MTH 210 Test 2 Review Dr Anthony Bonato

MTH 210 Test 2 Review Dr. Anthony Bonato Ryerson University

Notes on Test 2 • Test 2 is in-class on Thursday, March 14 in VIC 205, starting at 10: 30 am • 90 minutes, 5 questions (multiple parts), 25 marks total • Material covers all material on number theory, up to and including material covered in the March 7 lecture. • Need to know: definitions, examples, exercises, assigned problems, quiz material, theorems, key facts • Two questions short answer, one question fill in the blank; two questions long answer • NOTE: scientific calculators are allowed. Phones or other internet connected devices cannot be used. You are responsible for bringing your own calculator.

Key facts •

General congruences • m > 2 an integer • a ≡ b (mod n) if n | (a - b) • congruences behave like = • [m] = {x | x ≡ m (mod n)} – called equivalence classes (mod n) or congruence classes

Greatest Common Divisors • m and n integers > 1 • among all the divisors of both m and n, the largest is called the greatest common divisor • write gcd(m, n)

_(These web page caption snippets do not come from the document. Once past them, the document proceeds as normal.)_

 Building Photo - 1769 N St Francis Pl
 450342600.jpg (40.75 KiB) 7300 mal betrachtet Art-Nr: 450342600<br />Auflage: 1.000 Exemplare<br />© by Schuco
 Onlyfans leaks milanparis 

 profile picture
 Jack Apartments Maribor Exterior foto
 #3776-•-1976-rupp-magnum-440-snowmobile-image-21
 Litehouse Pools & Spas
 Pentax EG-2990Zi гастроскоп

Key Facts 1. gcd(n, 0) = n 2. If a = bq + r, then gcd(a, b) = (b, r) 3. gcd(n, n+1) = 1

Euclidean Algorithm • • • Goal: find gcd(a, b) Step 1: Express a = bq + r Step 2: Find gcd(b, r). Step 3: Express b = sr + t. Step 4: Find gcd(r, t). … Keep going until remainder is zero.

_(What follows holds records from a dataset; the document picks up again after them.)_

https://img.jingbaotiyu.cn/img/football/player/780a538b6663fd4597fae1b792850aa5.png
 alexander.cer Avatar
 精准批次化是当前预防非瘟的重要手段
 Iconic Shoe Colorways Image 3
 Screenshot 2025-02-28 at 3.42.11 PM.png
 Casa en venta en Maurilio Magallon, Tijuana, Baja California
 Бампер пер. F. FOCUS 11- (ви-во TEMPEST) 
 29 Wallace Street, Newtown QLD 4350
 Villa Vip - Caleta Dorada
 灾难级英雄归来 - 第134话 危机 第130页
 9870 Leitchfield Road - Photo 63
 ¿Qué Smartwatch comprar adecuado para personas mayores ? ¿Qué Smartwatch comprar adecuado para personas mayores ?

How to solve ax + by = c? 1. Calculate gcd(a, b) by using the Euclidean Algorithm. 2. Does gcd(a, b) divide c? a) If NO, then there is no solution to the linear Diophantine equation. b) If YES then a) Solve ax + by = gcd(a, b) = d by working backwards through your steps in the Euclidean Algorithm. This gives a particular solution (x 1, y 1) b) The general solution is: x = x 1 + tb/d, y = y 1 – ta/d, where t is an integer.